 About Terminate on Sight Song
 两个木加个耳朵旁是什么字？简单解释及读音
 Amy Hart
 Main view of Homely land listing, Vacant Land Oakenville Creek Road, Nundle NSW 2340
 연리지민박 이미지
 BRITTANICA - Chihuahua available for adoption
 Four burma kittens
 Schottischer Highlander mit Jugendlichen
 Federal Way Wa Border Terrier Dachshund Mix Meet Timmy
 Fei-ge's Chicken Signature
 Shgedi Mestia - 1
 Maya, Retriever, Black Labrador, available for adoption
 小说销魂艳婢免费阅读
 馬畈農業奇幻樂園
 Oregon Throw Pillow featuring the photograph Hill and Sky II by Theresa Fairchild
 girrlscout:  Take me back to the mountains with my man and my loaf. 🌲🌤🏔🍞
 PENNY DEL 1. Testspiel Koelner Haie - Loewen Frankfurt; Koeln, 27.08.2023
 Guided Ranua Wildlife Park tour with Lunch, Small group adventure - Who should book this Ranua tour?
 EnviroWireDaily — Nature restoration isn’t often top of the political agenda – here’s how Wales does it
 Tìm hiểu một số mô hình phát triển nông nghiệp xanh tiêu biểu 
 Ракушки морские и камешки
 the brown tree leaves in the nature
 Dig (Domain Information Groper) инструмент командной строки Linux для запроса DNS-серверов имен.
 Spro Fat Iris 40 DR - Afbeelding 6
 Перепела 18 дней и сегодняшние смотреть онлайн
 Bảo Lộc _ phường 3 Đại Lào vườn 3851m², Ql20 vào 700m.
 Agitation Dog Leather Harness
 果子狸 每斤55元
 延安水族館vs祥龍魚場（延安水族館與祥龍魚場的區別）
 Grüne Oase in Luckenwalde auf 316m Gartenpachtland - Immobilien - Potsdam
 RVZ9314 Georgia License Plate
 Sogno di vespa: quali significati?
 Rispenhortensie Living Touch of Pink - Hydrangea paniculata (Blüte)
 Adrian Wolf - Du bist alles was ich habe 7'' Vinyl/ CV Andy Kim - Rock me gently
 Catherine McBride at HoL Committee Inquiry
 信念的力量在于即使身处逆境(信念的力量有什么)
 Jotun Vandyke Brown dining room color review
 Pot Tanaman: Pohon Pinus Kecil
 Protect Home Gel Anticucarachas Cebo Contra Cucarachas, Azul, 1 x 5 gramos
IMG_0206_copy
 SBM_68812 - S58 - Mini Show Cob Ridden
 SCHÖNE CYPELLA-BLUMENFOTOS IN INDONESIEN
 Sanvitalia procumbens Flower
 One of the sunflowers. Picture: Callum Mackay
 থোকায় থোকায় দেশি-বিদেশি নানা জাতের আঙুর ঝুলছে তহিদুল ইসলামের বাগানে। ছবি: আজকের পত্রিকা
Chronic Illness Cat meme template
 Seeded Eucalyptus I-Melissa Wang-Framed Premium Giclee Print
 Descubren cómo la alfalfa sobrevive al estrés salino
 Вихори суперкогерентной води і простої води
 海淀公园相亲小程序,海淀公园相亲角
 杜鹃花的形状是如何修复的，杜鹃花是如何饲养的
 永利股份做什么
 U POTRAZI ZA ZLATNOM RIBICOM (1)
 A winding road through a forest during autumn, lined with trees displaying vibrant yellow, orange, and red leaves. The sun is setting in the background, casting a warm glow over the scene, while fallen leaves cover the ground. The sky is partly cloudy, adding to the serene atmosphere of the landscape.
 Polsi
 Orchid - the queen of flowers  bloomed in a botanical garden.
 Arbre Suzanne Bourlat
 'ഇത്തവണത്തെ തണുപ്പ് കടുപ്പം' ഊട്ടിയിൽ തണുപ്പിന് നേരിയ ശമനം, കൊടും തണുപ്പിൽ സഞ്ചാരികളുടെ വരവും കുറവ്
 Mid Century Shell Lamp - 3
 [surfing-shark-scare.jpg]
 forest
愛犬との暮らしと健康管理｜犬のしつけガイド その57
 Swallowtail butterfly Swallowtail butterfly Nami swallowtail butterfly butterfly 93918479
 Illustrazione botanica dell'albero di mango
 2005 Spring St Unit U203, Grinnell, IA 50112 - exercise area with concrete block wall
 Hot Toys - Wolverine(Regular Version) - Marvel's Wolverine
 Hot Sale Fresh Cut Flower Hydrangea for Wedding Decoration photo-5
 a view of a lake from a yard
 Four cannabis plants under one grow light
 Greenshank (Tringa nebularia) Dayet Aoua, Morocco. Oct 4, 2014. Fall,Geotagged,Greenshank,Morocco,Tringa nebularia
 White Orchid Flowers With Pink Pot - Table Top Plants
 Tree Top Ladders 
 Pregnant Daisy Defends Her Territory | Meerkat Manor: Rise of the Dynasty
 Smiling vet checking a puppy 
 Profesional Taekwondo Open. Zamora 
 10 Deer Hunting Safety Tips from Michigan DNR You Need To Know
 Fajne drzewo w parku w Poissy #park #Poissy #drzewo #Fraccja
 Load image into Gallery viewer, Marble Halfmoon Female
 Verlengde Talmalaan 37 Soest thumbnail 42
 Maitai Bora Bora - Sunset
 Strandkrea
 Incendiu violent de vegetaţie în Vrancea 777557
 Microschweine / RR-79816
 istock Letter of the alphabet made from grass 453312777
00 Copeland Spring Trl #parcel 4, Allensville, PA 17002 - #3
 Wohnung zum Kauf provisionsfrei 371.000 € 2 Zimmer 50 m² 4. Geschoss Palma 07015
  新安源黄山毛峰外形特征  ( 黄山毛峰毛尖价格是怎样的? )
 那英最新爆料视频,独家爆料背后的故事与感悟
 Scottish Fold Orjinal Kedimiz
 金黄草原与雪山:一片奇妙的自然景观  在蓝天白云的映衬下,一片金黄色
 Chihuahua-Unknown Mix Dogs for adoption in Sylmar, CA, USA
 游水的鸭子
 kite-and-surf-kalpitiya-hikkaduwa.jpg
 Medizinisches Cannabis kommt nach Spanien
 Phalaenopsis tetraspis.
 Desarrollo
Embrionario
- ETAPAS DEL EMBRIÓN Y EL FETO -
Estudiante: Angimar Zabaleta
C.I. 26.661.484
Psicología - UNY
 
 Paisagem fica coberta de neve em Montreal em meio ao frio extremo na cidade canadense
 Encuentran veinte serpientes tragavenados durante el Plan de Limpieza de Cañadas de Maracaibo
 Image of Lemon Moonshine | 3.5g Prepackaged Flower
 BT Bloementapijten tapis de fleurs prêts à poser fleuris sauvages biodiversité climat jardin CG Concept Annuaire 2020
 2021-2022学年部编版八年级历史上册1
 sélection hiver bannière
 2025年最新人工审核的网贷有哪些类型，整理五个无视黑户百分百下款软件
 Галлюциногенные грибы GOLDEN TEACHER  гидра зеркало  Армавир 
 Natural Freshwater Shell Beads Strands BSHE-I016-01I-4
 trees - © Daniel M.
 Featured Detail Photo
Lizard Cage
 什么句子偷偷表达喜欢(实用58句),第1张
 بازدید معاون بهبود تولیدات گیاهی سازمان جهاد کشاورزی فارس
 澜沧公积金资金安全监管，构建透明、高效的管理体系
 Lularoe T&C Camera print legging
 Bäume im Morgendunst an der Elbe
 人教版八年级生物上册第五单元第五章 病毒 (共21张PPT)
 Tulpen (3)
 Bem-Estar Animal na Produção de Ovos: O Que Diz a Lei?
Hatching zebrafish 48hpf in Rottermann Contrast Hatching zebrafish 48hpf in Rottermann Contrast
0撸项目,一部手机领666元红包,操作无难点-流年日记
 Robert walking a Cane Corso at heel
::::::::::
● **YOUR ASSIGNMENT**
Only one span is wanted. It runs from the first line of the listing through the line with "Federal Way Wa", and each line must match exactly.

● **EXPECTED ANSWER**
 About Terminate on Sight Song
 两个木加个耳朵旁是什么字？简单解释及读音
 Amy Hart
 Main view of Homely land listing, Vacant Land Oakenville Creek Road, Nundle NSW 2340
 연리지민박 이미지
 BRITTANICA - Chihuahua available for adoption
 Four burma kittens
 Schottischer Highlander mit Jugendlichen
 Federal Way Wa Border Terrier Dachshund Mix Meet Timmy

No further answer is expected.